→ Work instruction
The required answer is the run of lines from the one holding "this 900×599 image." to the end of the data below, copied exactly and free of pictures.

(Spatial localization data)
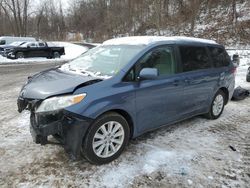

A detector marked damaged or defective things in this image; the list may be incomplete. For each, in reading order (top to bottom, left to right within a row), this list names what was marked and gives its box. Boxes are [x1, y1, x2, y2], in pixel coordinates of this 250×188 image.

damaged front bumper [17, 97, 93, 160]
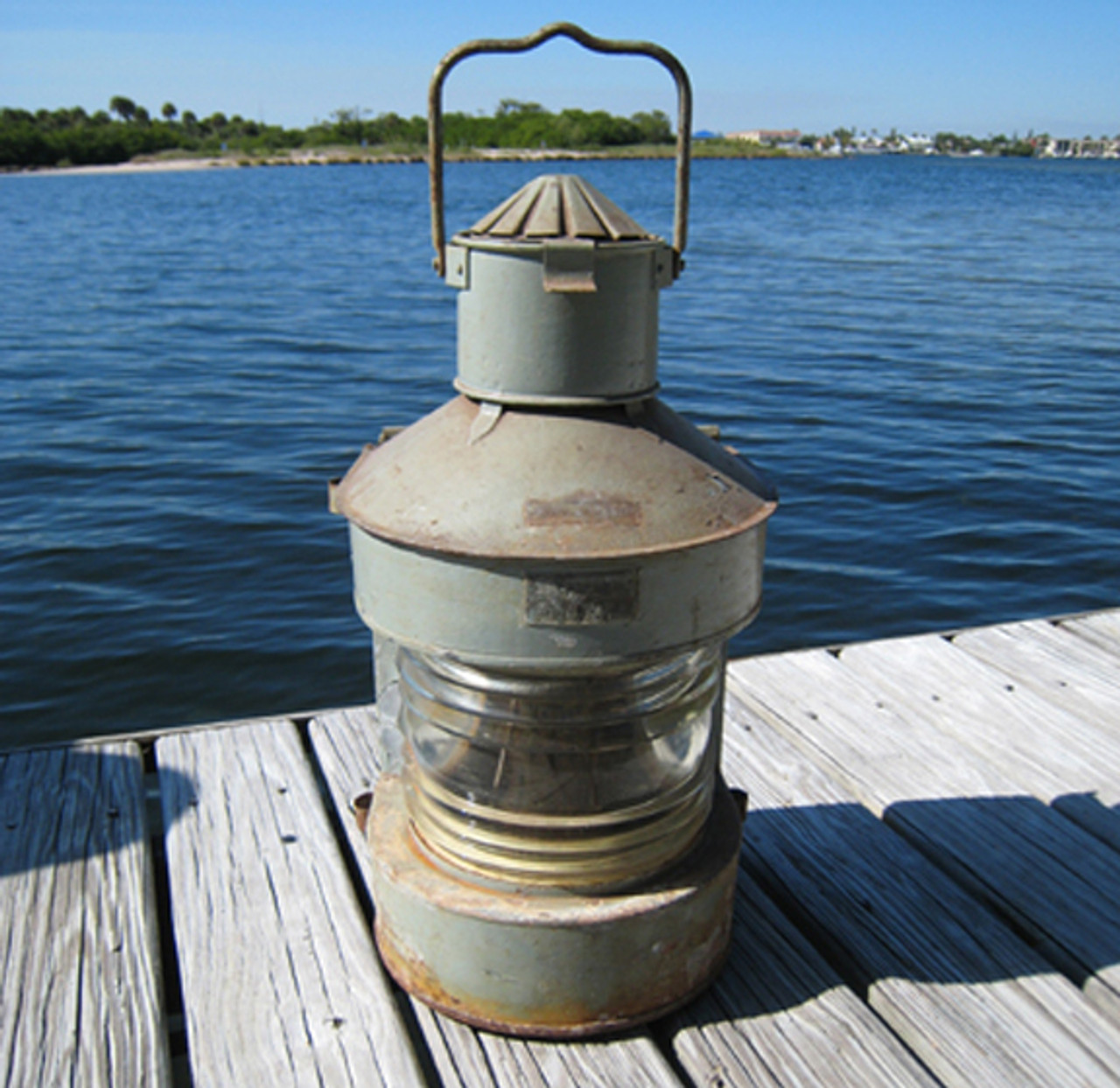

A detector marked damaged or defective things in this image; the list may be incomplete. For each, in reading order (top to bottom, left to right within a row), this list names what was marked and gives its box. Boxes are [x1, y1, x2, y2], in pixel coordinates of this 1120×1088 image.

corroded metal body [329, 23, 774, 1043]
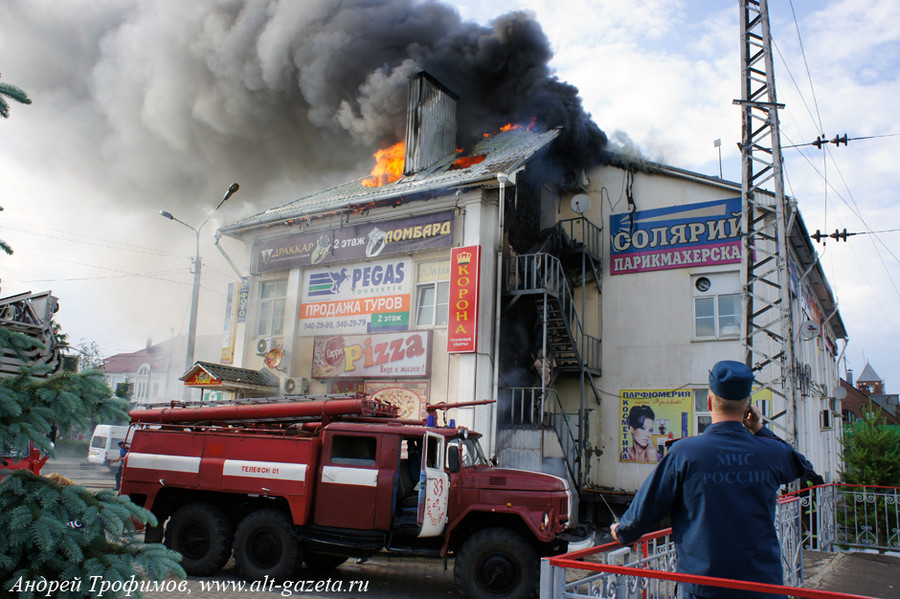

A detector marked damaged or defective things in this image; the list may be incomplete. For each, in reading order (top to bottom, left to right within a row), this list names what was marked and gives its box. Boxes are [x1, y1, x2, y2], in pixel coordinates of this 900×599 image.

damaged roof [221, 126, 560, 234]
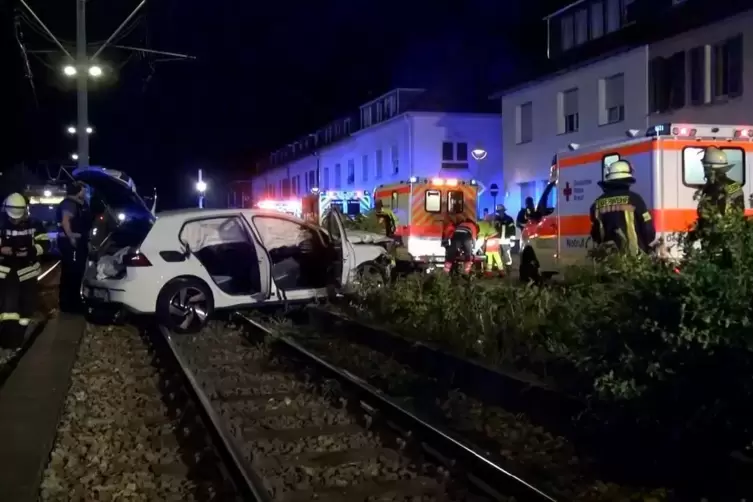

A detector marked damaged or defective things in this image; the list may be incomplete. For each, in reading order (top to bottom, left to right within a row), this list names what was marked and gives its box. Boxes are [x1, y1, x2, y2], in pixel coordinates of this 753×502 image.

→ Reply
A detector marked damaged or defective things in this image; the list may be incomplete. For each, in reading order (top to bottom, left to right within a row), this list names what was marked and gives its box. Boxes are [x1, y1, x2, y2], in pixel coordinates of this 900×599 image.

damaged roof [221, 126, 560, 234]

A detector marked damaged or defective things in this image; the list may be incomplete. For each, in reading order (top to bottom, left to right within a row), this list names what was marked and gives its box. Boxes are [x1, y1, x2, y2], in pixel coordinates of this 753×502 image.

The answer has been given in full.